My face turns red and feeling flustered because I know I have to come back in the morning….say, ” Maybe if you can make calls and ask everyone else first.”
Charge nurse says, “I have called 25 people already.”
I was having a busy day but I was not unusually overwhelmed.
I was capped at 5 patients due to my one patient with an amiodarone gtt. This patient also had a TEE in the morning with cardioversion. When I recieved her back to our floor she was no longer in a-fib–but she was sinus brady with 2 second pauses, and I, new nurse jane was a nervous wreck and felt the need to assess her, and her blood pressure very frequently while not making her or her 10 family members in the room nervous. With numerous reassurances from the cardiologists caring for her as well as assurances from the nurse practioner–her blood pressure was stable–and every manual pulse taken was over 49beats per minute–I calmed my mind.
So I thought about it.
I being me, that is new nurse jane…..said yes.

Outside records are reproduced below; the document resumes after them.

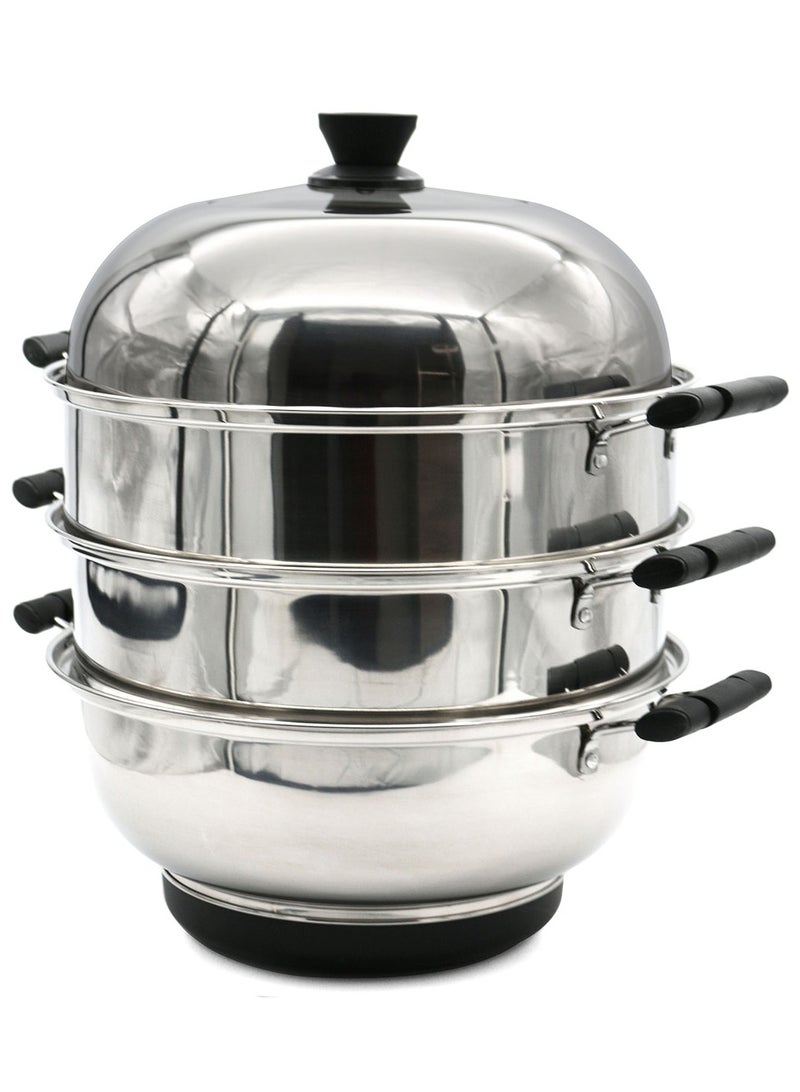 جريس غريس الكهربائية متعددة الوظائف الفولاذ المقاوم للصدأ 3 طبقات الغذاء باخرة الكهربائية مومو باخرة الأرز باخرة المعكرونة باخرة الخضار باخرة للمنزل - Image 3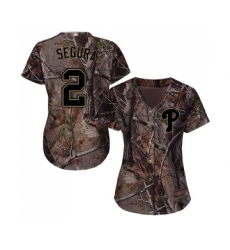 Women's Philadelphia Phillies #2 Jean Segura Authentic Camo Realtree Collection Flex Base Baseball Jersey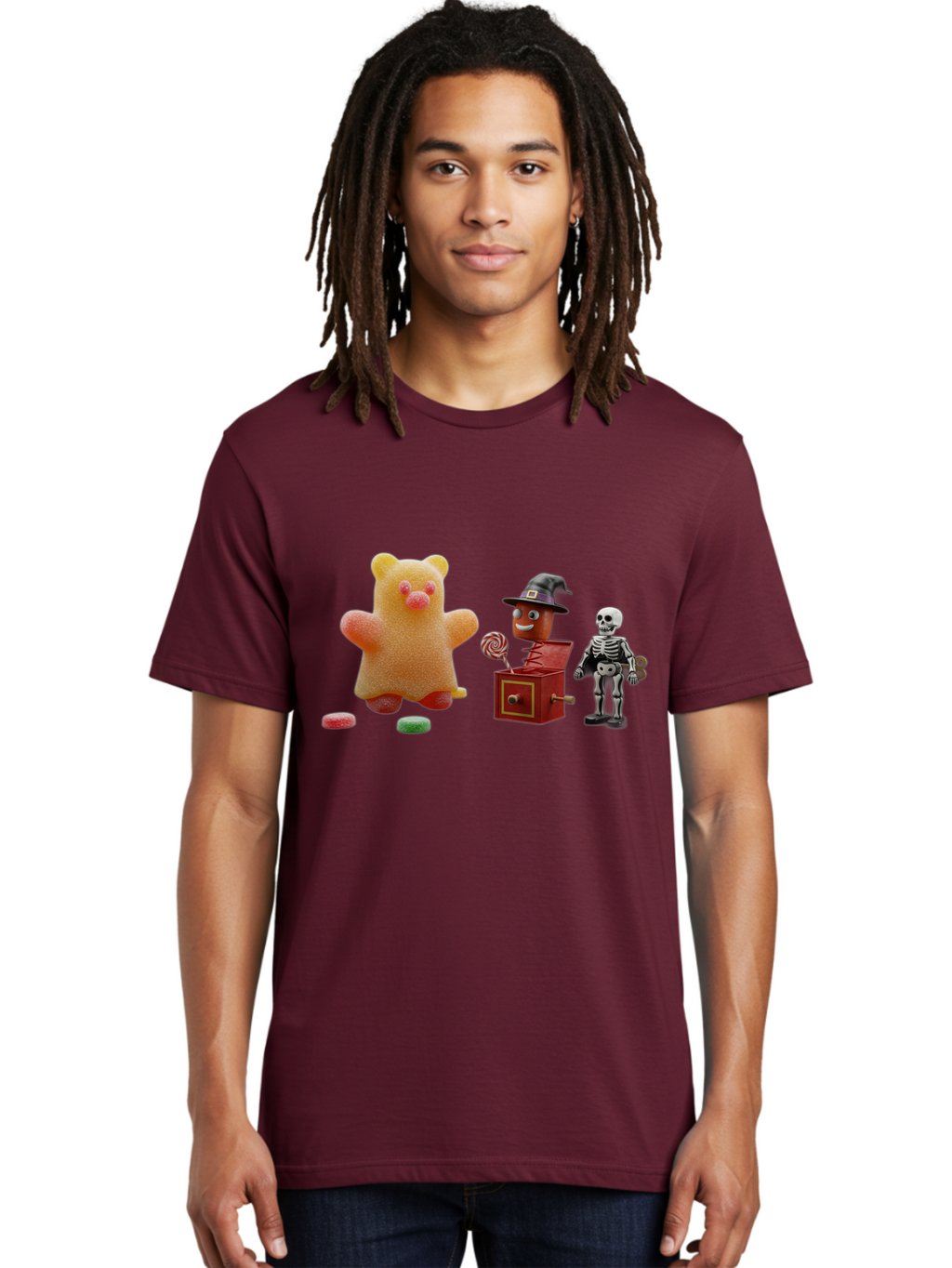 Gummy-Bear-Jack-In-The-Box-Skeleton Men'S Graphic Tee, 100% Cotton, Comfortable Casual Summer Wear, Machine Washable, Vintage Camera, Old Camera, Antique Camera, Black Camera, Classic Photography, Photography Equipment, Nostalgic Device, Bam610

The nice thing was at the time the other nurses were giving report to the night nurses, I was already starting 8pm vitals and assessments. I thought I was doing great!
Till I realized that 9pm medications is almost like trying to get out 9am medications and I felt that I was starting all over again! And of course those hs blood sugars with insulin coverage….again. Then no R insulin in the fridge!(and the pharmicist was sounding grumpy. he must of been called already by the 8 other nurses on the floor for the regular insulin.) All the while thinking these patients have to go to sleep….I do not want to wake them up for their coverage.
I was doing great right? Same patients all day except one new admission from the ED around 8 pm with c/o chest pain….normal ECG, cardiac enzymes negative so far times 2, and not in active chest pain. Still at 5 patients.
Around 10pm–I am tired and hungry–but nearly caught up! Charts were checked 16 hour chart check that is….
I stand in the nurses station and say, “Where’s the food? You eat all the time at night right?”
Ooops…it came out the wrong way and everyone stared at me like I had 4 heads.
Male nurse gets defensive and says, “What do you mean by that?”
I was really innocent. I really did not mean it that way, (like you sit around and eat all night and do nothing.) It just Sounded like that. I am not one of those day nurses with a chip on her little white nursing cap. I know that night nurses have plenty of work to do…I ventured in 5 hours into night shift and know first hand. It really is 24 hour nursing care.
Oh but it was not over for me yet! I still had to give report to the night nurse who was coming in extra too….at 11pm.
She strolls in blonde and fresh and energized!
I sit down and realize….I am having a hard time getting the words out and my face is numb!
This can not be good…….
I go and get some orange juice and feel better…coffee would be a no no. The first thing I tell her is that I am back at 7am…please make sure you give me my group back.
Oh she is gentle and kind to me…and she was back the next night at 7pm so it made the 36 hours easier.
I got lucky. The next day shift I kept the same group. I was last on the list of nurses to get admits or transfers. It could of been messy. It could of been one of those head spinning days with discharges. transfers. new admissions. transfers from the ICU etc….
It was an experience…how many blood pressures, how many sets of vitals signs, how many sticks of insulin coverage, how many pills, how many doses of IV antibiotics, how many orders taken off, how many assessments, (thank god no neuro problems.) how many back rubs, how many calls to the RT for my nervous nellie copd’er for prn nebs q 2, how many beds changed, how many cups of coffee, how many things fixed?
I will never do that again. Ever. Not when I am back the next day. I have a feeling that this first year I just might learn some things the hard way, unfortunately.